What happens if a subcontractor files a claim against my payment bond?The surety will investigate the claim to determine whether the sub is owed money under the contract. If the claim is valid, the surety will pay the subcontractor and then seek reimbursement from you under the indemnity agreement. You are ultimately responsible for every dollar the surety pays out. If you dispute the claim, the surety may require you to deposit funds or post collateral while the dispute is resolved.
Do I need bonds for private construction projects in Texas?Texas law does not require performance or payment bonds on private projects. However, many private project owners, developers, and general contractors require them contractually, especially on larger projects. Private owners use bonds as a risk management tool — it gives them a surety-backed guarantee that the work will be completed and subcontractors will be paid, reducing the risk of mechanics liens on their property.
What is a bid bond and how does it work?A bid bond guarantees that if you are awarded the contract, you will enter into the agreement and provide the required performance and payment bonds. Bid bonds are typically 5% to 10% of your bid amount. If you refuse to sign the contract after winning the bid, the project owner can make a claim on your bid bond for the difference between your bid and the next lowest bidder, up to the bid bond amount. There is usually no separate premium for bid bonds if you have an established bonding relationship.
Can I increase my bonding capacity over time?Yes, and most sureties expect you to grow. The key factors are increasing your working capital, building your net worth, completing projects successfully, and maintaining clean financials and credit. Many surety agents will create a bonding growth plan that identifies specific financial milestones — for example, increasing working capital from $200,000 to $500,000 — that will trigger higher bonding limits. Consistent profitability and on-time project completion are the fastest path to higher capacity.
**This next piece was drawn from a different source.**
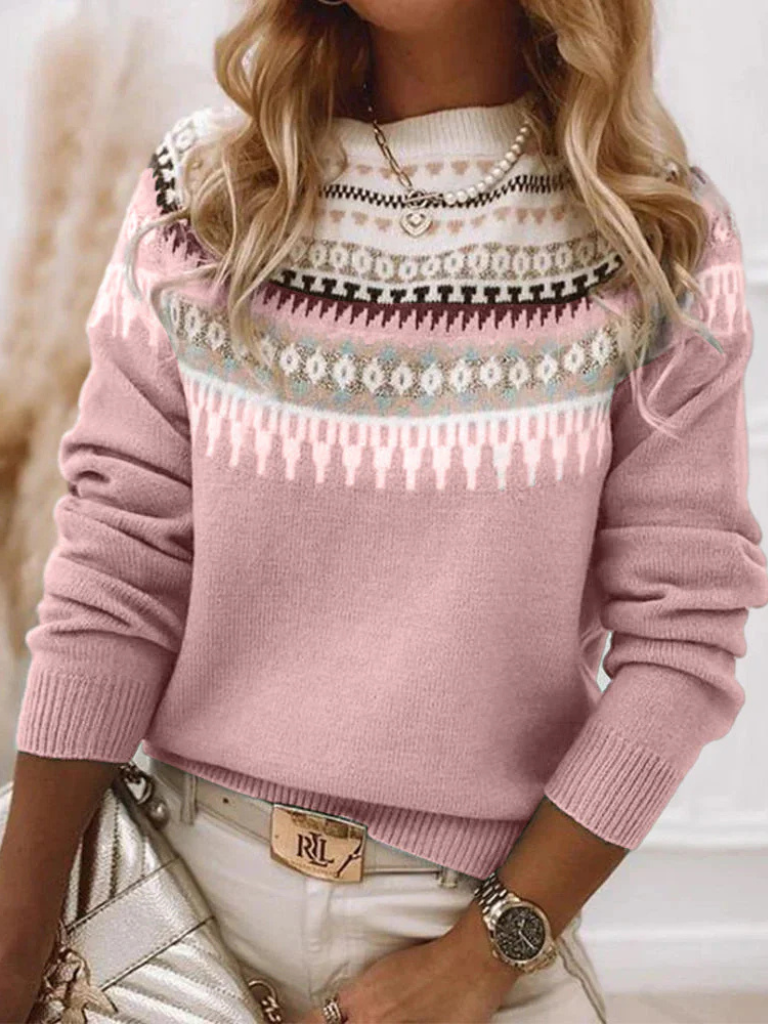 Amy Victoria | Knit Sweater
Does my general liability insurance affect my ability to get bonded?Indirectly, yes. Sureties want to see that you carry appropriate insurance coverage for your operations — general liability, commercial auto, workers compensation, and any specialty coverage your trade requires. A contractor who skimps on insurance signals higher risk to a surety. Additionally, a history of frequent or severe insurance claims can raise concerns about your operational practices, which may affect your bonding underwriting.